Algebra over a field generated by a vector space?

Question

I have just learned about Clifford algebras and am a bit confused by the construction. My understanding is that there is a universal construction, but here is the one I was given for now (Szekeres's A Course in Modern Mathematical Physics):

Let $V$ be a real vector space with (an in general non-Euclidean) inner product $u\cdot v$, and $e_1,..., e_n$ an orthonormal basis such that the matrix of inner product components in this basis is given by $$g_{ij} = \begin{cases} \pm 1 & i=j \\\ 0 & i\neq j \end{cases}.$$ The Clifford algebra associated with this inner product space, denoted $\mathcal{C}_g$, is defined as the associative algebra generated by $1, e_1, e_2, . . . , e_n$ with the product rules $$e_i e_j +e_j e_i =2g_{ij}1, \, 1e_i =e_i1=e_i.$$

In particular, I am confused about this notion of an algebra "generated by" $V$. What does this mean? I am familiar with the definition of an algebra over a field as a vector space (say, $V$) with a product defined thereon, but $\mathcal{C}_g$ seems to be "bigger" than $V$ (as a set) given that it's later shown that $\dim \mathcal{C}_g = 2^n$ (whereas $\dim V = n$). That is, I am familiar with turning $V$ into an algebra over a field, so I'm not sure what's going on here (for example, I assume $1$ here is the multiplicative identity in $V$, but when turning $V$ into an algebra over a field I am in the past only familiar with defining structure constants with respect to a basis, and $1$ is not in our given basis here!).

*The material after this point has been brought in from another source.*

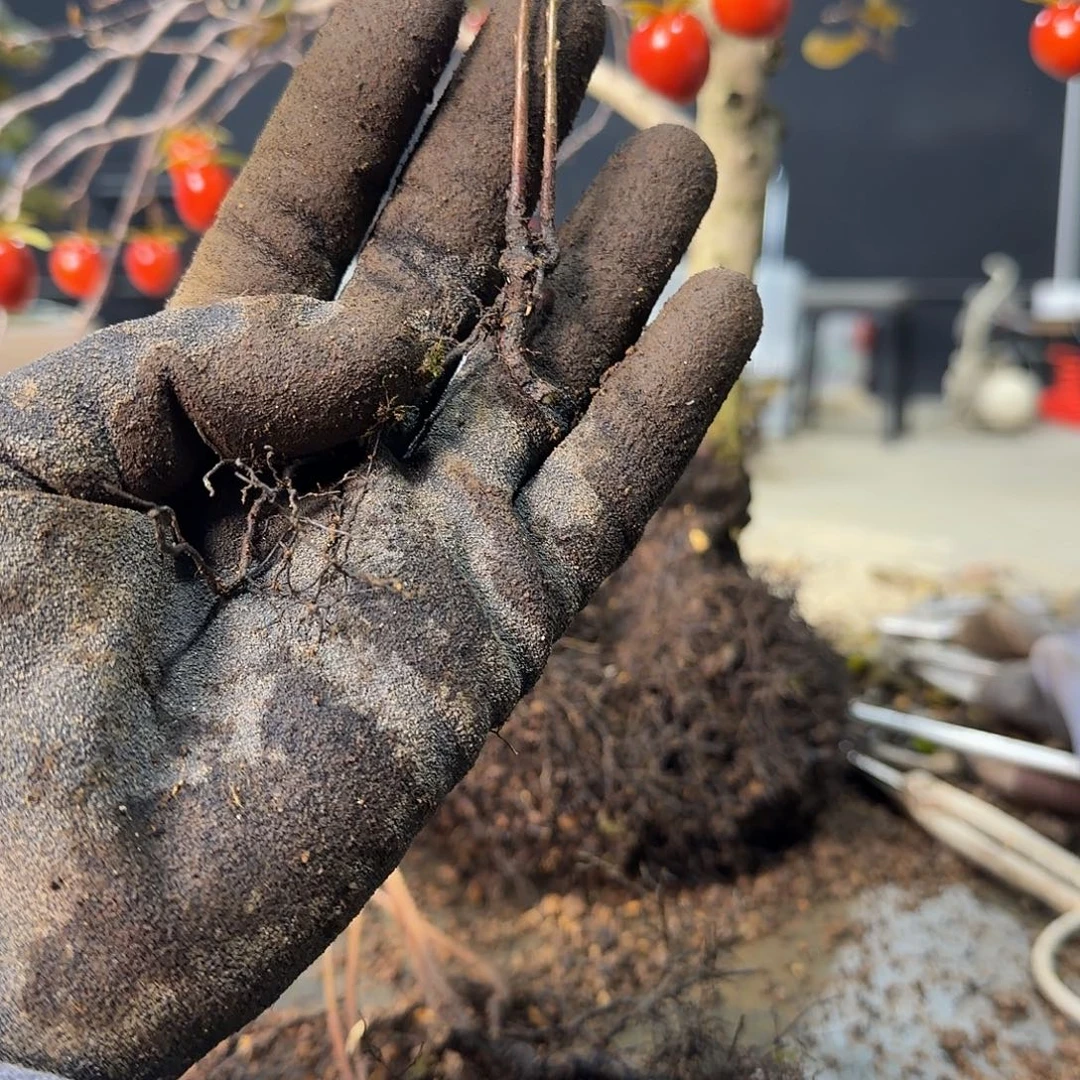 无花朵盆景顺丰到付老鸦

In the end, I'm wondering what is the definition of algebra generated by a vector space being used? I couldn't find anything on Wikipedia which was intelligible to me.

Answer 1

Given a set $X$, you can form the free algebra $\mathbf{R}\langle X \rangle$. This algebra satisfies the usual universal property ascribed to "free" algebraic structures. In this case $\mathcal{C}_g$ is constructed by taking $\mathbf{R}\langle e_1,\ldots,e_n \rangle$ and quotienting out the ideal generated by the elements $e_i e_j + e_je_i - 2g_{ij}$ for all $i,j$. If we abuse notation and write $e_i$ to talk about its image in the quotient, then we can say that $\mathcal{C}_g$ is generated by $e_1,\ldots,e_n$ and $e_i e_j + e_j e_i = 2g_{ij}$ for all $i,j$. Informally speaking, $\mathcal{C}_g$ is the "largest" algebra containing the $e_i$ subject to the given relations.

Answer 2

If no other constraints are imposed, then the free (associative) algebra generated by $V$ over $\mathbb{C}$ is the ring usually written $\mathbb{C}[[e_1, e_2, ..., e_n]]$. The elements are "non-commutative polynomials" with coefficients in $\mathbb{C}$ (so $e_1 e_2$ is different from $e_2 e_1$), with the operations defined in the obvious way. If we impose additional relations such as $e_i e_j + e_j e_i = 2 g_{ij} 1 $ then we take the quotient $\mathbb{C}[[e_1, e_2, ..., e_n]]$ by the two-sided ideal generated by all the elements $e_i e_j + e_j e_i - 2 g_{ij} 1$.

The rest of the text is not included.